[Short descriptive text snippets]
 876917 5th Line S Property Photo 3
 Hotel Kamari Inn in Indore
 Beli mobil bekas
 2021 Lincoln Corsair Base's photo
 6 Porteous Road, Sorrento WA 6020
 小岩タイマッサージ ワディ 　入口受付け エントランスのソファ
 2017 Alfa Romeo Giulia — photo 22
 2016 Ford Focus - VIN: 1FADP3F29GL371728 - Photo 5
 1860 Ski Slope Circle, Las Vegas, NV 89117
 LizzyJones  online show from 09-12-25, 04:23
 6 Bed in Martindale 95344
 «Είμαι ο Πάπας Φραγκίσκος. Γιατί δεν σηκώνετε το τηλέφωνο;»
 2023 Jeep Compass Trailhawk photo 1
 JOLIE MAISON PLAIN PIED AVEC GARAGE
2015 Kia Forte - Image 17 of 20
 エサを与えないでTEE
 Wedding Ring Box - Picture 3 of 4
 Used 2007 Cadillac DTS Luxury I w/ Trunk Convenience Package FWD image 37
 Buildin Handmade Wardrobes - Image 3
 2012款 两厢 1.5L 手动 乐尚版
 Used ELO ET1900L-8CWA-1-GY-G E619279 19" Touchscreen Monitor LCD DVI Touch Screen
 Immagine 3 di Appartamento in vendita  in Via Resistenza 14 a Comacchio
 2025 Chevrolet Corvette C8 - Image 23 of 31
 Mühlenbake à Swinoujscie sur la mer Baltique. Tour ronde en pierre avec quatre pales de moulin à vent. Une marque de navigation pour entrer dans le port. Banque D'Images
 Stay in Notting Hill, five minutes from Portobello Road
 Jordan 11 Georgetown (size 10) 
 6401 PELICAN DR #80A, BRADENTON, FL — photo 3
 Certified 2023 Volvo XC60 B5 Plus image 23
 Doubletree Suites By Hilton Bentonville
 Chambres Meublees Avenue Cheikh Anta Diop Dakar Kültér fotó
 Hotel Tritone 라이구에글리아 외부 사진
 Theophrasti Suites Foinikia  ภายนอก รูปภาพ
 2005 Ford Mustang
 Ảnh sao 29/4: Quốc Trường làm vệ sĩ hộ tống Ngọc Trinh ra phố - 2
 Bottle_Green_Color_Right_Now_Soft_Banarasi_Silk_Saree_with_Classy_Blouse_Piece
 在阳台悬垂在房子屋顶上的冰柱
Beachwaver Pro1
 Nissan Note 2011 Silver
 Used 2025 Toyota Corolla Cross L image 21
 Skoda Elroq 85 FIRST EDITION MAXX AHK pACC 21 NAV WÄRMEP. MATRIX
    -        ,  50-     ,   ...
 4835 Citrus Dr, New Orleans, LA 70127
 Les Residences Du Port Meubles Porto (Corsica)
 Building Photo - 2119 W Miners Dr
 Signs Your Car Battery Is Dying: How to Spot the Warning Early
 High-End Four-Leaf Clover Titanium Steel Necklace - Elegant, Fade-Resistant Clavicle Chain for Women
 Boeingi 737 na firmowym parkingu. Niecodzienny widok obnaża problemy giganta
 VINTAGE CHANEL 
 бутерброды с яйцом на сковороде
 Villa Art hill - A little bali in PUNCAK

#### Task:
Above are some lines. Repeat exactly, and only, those from the line that has "Stay in Notting" through the line that has "Les Residences Du".

#### Written answer:
 Stay in Notting Hill, five minutes from Portobello Road
 Jordan 11 Georgetown (size 10) 
 6401 PELICAN DR #80A, BRADENTON, FL — photo 3
 Certified 2023 Volvo XC60 B5 Plus image 23
 Doubletree Suites By Hilton Bentonville
 Chambres Meublees Avenue Cheikh Anta Diop Dakar Kültér fotó
 Hotel Tritone 라이구에글리아 외부 사진
 Theophrasti Suites Foinikia  ภายนอก รูปภาพ
 2005 Ford Mustang
 Ảnh sao 29/4: Quốc Trường làm vệ sĩ hộ tống Ngọc Trinh ra phố - 2
 Bottle_Green_Color_Right_Now_Soft_Banarasi_Silk_Saree_with_Classy_Blouse_Piece
 在阳台悬垂在房子屋顶上的冰柱
Beachwaver Pro1
 Nissan Note 2011 Silver
 Used 2025 Toyota Corolla Cross L image 21
 Skoda Elroq 85 FIRST EDITION MAXX AHK pACC 21 NAV WÄRMEP. MATRIX
    -        ,  50-     ,   ...
 4835 Citrus Dr, New Orleans, LA 70127
 Les Residences Du Port Meubles Porto (Corsica)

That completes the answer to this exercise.